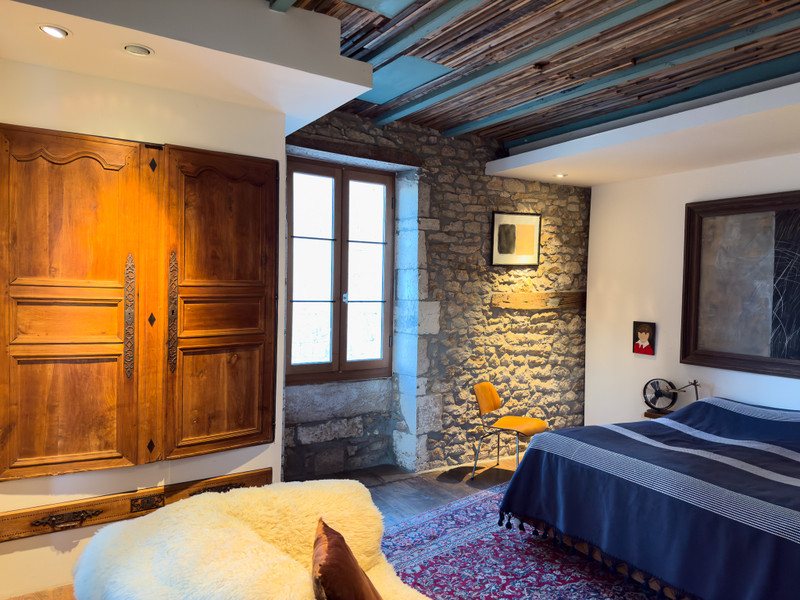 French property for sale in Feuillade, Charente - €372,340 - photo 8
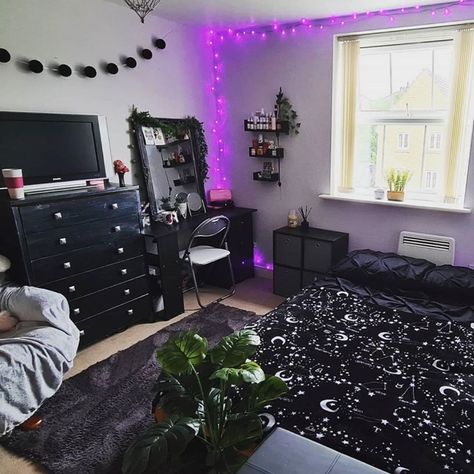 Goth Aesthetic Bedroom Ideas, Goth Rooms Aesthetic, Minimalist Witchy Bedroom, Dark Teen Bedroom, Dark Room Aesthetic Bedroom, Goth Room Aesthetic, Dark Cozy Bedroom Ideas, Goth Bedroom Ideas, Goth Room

==

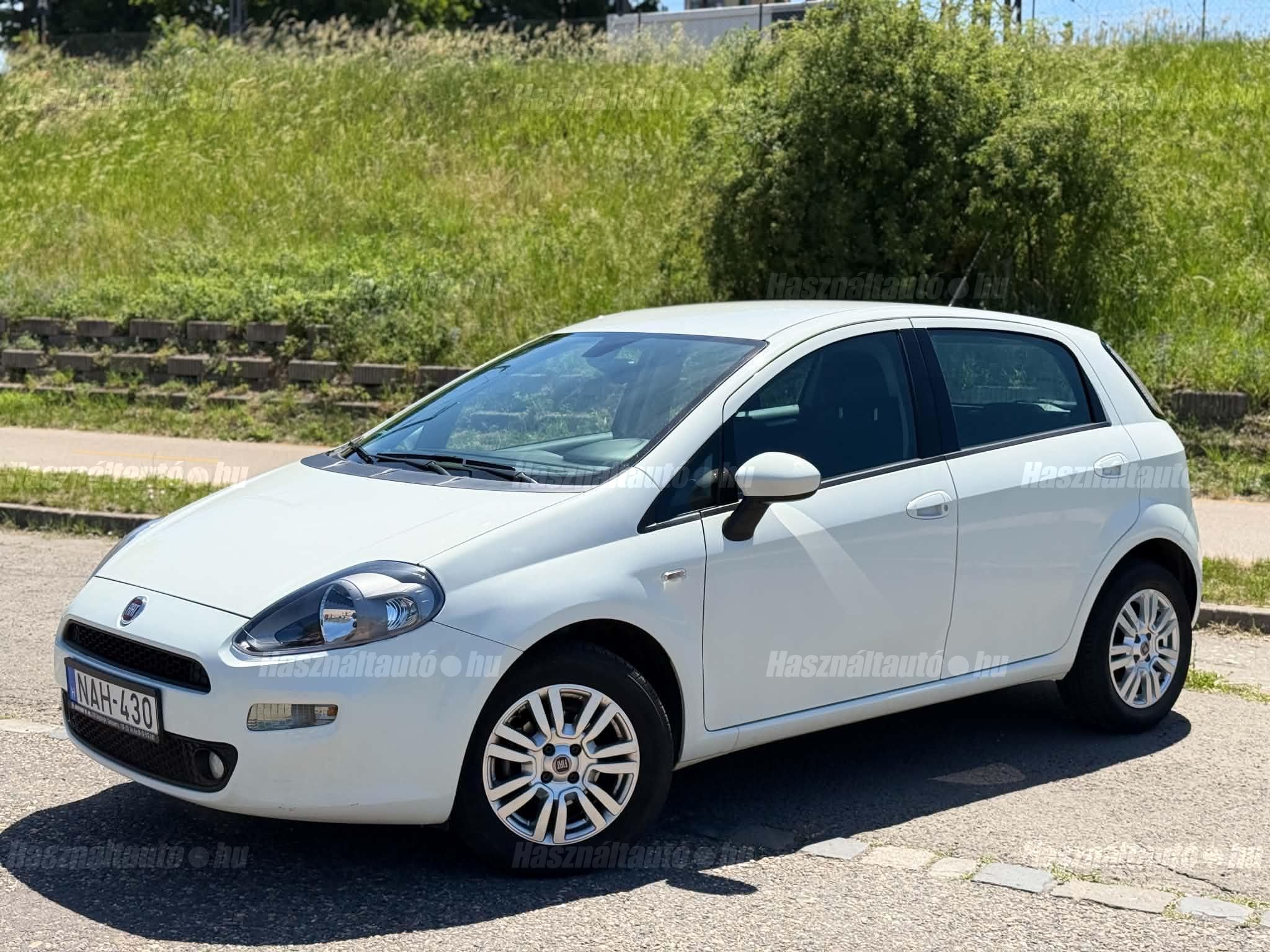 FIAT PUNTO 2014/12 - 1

• [What you should do] In the listing above, find the line containing "French property for" and the line containing "Goth Aesthetic Bedroom"; print those lines and every line between them exactly, leaving out pictures.

• [Response]
 French property for sale in Feuillade, Charente - €372,340 - photo 8
 Goth Aesthetic Bedroom Ideas, Goth Rooms Aesthetic, Minimalist Witchy Bedroom, Dark Teen Bedroom, Dark Room Aesthetic Bedroom, Goth Room Aesthetic, Dark Cozy Bedroom Ideas, Goth Bedroom Ideas, Goth Room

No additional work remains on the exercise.